Aphantasie wird meist auf den Sehsinn bezogen. Wie konkret und detailgetreu wir uns Dinge vor unserem inneren Auge vorstellen können, ist von Mensch zu Mensch unterschiedlich. Wie bei vielem im Leben handelt es sich vermutlich um ein Spektrum. Generell schwankt jedoch die Intensität, mit der man sich Empfindungen der verschiedenen Sinneswahrnehmungen einbilden kann. Kannst du denselben Satz von verschiedenen Leuten gesprochen in deinem Kopf abspielen? Von deiner Mutter, einer Freundin? Ein Song den du kennst in einem anderen Genre hören? Gerüche vorstellen, die Strukturen von Oberflächen spüren?
Doch was bestimmt die Aphantasie? Bezogen auf den Sehsinn vermuten Forschende, dass bei Aphantasisten die Verbindung zwischen zwei Gehirnregionen, die des Frontalkortex und des visuellen Kortex, gestört ist. Dies betrifft jedoch nur das bewusste Visualisieren, unbewusste Bilder, zum Beispiel in Träumen oder bei einer Hypnose, können trotzdem entstehen. Dieses Phänomen ist in den meisten Fällen angeboren. Oftmals bemerken Betroffene erst spät im Leben, dass sie anders denken. Manche bemerken es nie. Es gibt jedoch auch Fälle, in denen das Phänomen erst nach einem Unfall auftritt. Diese Menschen sind Ausnahmen, bieten jedoch am meisten Potential für die Forschung, da sie ein Leben mit und ohne Aphantasie kennen.
Da diese neuronale Eigenheit gänzlich im Kopf stattfindet und somit schwer nachzuvollziehen ist, bietet das Gespräch mit Aphantasisten wertvolle Einblicke. Ich durfte ein paar Fragen stellen.

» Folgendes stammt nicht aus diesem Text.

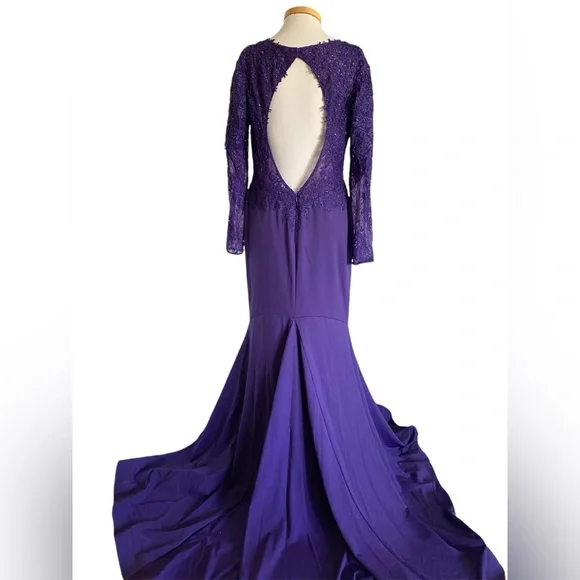 Mori Lee Madeline Gardner Gown Dress Sz 14 Purple Long Sleeve Sequins Lace Gala - Picture 5 of 16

WIE HAST DU FESTGESTELLT, DASS DU APHANTASIE HAST?
Einem selbst fällt das erst mal gar nicht auf, man kennt ja nichts anderes. Ich habe dann erst in einem Gespräch mit einer Freundin bemerkt, dass man in der Hinsicht unterschiedlich denkt. Wir haben konkret darüber geredet, wie wir über Themen nachdenken und haben beide bemerkt, dass wir da ganz unterschiedlich sind.
DU KANNST KEINE VISUELLEN BILDER IN DEINEM KOPF ERZEUGEN. WAS PASSIERT DANN IN DEINEM KOPF, WENN DU AN DAS AUSSEHEN VON ETWAS DENKST?
Das kann man ein bisschen mit Bildbeschreibungen vergleichen. Wenn man sich online einen Zeitungsartikel vorlesen lässt, dann wird einem auch das Bild mitbeschrieben. Und so in der Art ist das bei mir auch. Es läuft dann eine Art Bildunterschrift durch, in Wörtern, aber ohne Ton. Das ist dann einfach da.
STELLT ES EINE BELASTUNG FÜR DICH DAR, KEINE BILDER IM KOPF ERZEUGEN ZU KÖNNEN?
Nicht wirklich, ein bisschen vielleicht. Ich stelle es mir cool vor, sich Bilder vorstellen zu können. Für andere ist das aber so normal, Bilder zu sehen, wie es für mich ist, sie nicht zu sehen. Im Alltag habe ich nicht das Gefühl, dadurch eingeschränkt zu sein. Mir ist aber aufgefallen, dass es Lernstrategien gibt, die mit Visualisierungen arbeiten, die bei anderen besser funktionieren als bei mir, weil sie mit der visuellen Vorstellungskraft arbeiten.
ERINNERST DU DICH AN DEIN KINDERZIMMER? WIE SIEHT DIESE ERINNERUNG AUS UND WAS GEHT IN DEINEM KOPF VOR, WENN DU DARAN DENKST?
Wenn ich an mein Kinderzimmer denke, dann fallen mir da in erster Linie Tätigkeiten ein, die ich damals dort gemacht habe. Ich assoziiere den Raum dann zum Beispiel direkt mit puzzeln, dem Umgestalten vom Zimmer oder, dass ich damals viel darin getanzt habe. Oder ich denke daran, dass mein Kinderzimmer eine Art Rückzugsort war. Aber mir kommt kein Bild vor Augen, wie das damals aussah. Ich weiß es einfach, nur eben ohne Bild.
WIE SIEHT GANZ GENERELL EINE ERINNERUNG BEI DIR AUS? WIE GEHST DU DAMIT UM?
Ich merke mir nicht so sehr, wie Dinge oder Orte aus meinen Erinnerungen aussahen. Da kommen mir dann eher Verknüpfungen in den Kopf, ein bisschen so wie hashtags. Wenn ich zum Beispiel an den ersten Tag in der Uni denke, erinnere ich mich an Verwirrung, Unsicherheit und neue Freunde. Ich könnte auch den Raum beschreiben, in dem wir die Einführungsveranstaltung hatten. Ich sehe ihn aber nicht vor mir und denke auch nicht automatisch daran, wenn ich mich zurückerinnere.
Sicherlich wird in den kommenden Jahren viel Neues über Aphantasie ans Licht kommen. Wenn dich das Thema interessiert oder du dir nicht sicher bist, ob du auch von Aphantasie betroffen bist, dann gibt es Selbsttests, die eine erste Einordnung ermöglichen.